PROBLEM DETAILS: Nothing but the lines from the one containing "Chanel 24SS multicolore" through the end of the data below may appear in the response, each one exact.

Web page caption snippets
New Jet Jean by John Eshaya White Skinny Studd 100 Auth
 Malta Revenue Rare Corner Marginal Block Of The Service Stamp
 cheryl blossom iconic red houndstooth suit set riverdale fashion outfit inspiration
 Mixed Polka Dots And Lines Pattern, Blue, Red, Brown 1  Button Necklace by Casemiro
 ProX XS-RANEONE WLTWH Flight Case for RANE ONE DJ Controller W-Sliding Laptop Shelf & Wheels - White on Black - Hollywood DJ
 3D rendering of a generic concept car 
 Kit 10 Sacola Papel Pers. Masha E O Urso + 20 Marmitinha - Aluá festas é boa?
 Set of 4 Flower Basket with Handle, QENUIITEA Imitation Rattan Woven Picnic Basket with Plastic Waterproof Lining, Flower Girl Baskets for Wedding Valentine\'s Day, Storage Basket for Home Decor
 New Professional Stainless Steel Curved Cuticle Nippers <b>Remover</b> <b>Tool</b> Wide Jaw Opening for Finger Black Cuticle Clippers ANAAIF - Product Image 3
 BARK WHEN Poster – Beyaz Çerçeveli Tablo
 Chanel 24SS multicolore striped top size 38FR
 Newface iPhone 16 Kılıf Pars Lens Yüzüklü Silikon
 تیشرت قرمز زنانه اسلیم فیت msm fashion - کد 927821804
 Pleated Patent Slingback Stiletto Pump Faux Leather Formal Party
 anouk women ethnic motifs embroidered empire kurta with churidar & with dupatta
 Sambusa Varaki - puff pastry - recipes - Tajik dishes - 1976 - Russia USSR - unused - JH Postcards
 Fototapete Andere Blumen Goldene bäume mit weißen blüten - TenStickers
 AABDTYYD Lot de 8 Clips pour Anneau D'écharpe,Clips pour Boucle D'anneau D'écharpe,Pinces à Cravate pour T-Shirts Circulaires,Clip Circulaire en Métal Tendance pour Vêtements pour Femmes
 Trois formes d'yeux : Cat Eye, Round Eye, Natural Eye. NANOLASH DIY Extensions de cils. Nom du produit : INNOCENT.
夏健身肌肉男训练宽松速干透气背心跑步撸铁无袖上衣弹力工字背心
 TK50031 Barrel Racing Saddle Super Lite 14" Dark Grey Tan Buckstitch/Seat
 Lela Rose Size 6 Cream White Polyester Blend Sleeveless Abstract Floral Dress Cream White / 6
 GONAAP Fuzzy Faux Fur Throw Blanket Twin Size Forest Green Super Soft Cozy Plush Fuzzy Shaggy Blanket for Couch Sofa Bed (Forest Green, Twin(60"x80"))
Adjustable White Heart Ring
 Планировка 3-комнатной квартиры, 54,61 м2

ANSWER BELOW:
 Chanel 24SS multicolore striped top size 38FR
 Newface iPhone 16 Kılıf Pars Lens Yüzüklü Silikon
 تیشرت قرمز زنانه اسلیم فیت msm fashion - کد 927821804
 Pleated Patent Slingback Stiletto Pump Faux Leather Formal Party
 anouk women ethnic motifs embroidered empire kurta with churidar & with dupatta
 Sambusa Varaki - puff pastry - recipes - Tajik dishes - 1976 - Russia USSR - unused - JH Postcards
 Fototapete Andere Blumen Goldene bäume mit weißen blüten - TenStickers
 AABDTYYD Lot de 8 Clips pour Anneau D'écharpe,Clips pour Boucle D'anneau D'écharpe,Pinces à Cravate pour T-Shirts Circulaires,Clip Circulaire en Métal Tendance pour Vêtements pour Femmes
 Trois formes d'yeux : Cat Eye, Round Eye, Natural Eye. NANOLASH DIY Extensions de cils. Nom du produit : INNOCENT.
夏健身肌肉男训练宽松速干透气背心跑步撸铁无袖上衣弹力工字背心
 TK50031 Barrel Racing Saddle Super Lite 14" Dark Grey Tan Buckstitch/Seat
 Lela Rose Size 6 Cream White Polyester Blend Sleeveless Abstract Floral Dress Cream White / 6
 GONAAP Fuzzy Faux Fur Throw Blanket Twin Size Forest Green Super Soft Cozy Plush Fuzzy Shaggy Blanket for Couch Sofa Bed (Forest Green, Twin(60"x80"))
Adjustable White Heart Ring
 Планировка 3-комнатной квартиры, 54,61 м2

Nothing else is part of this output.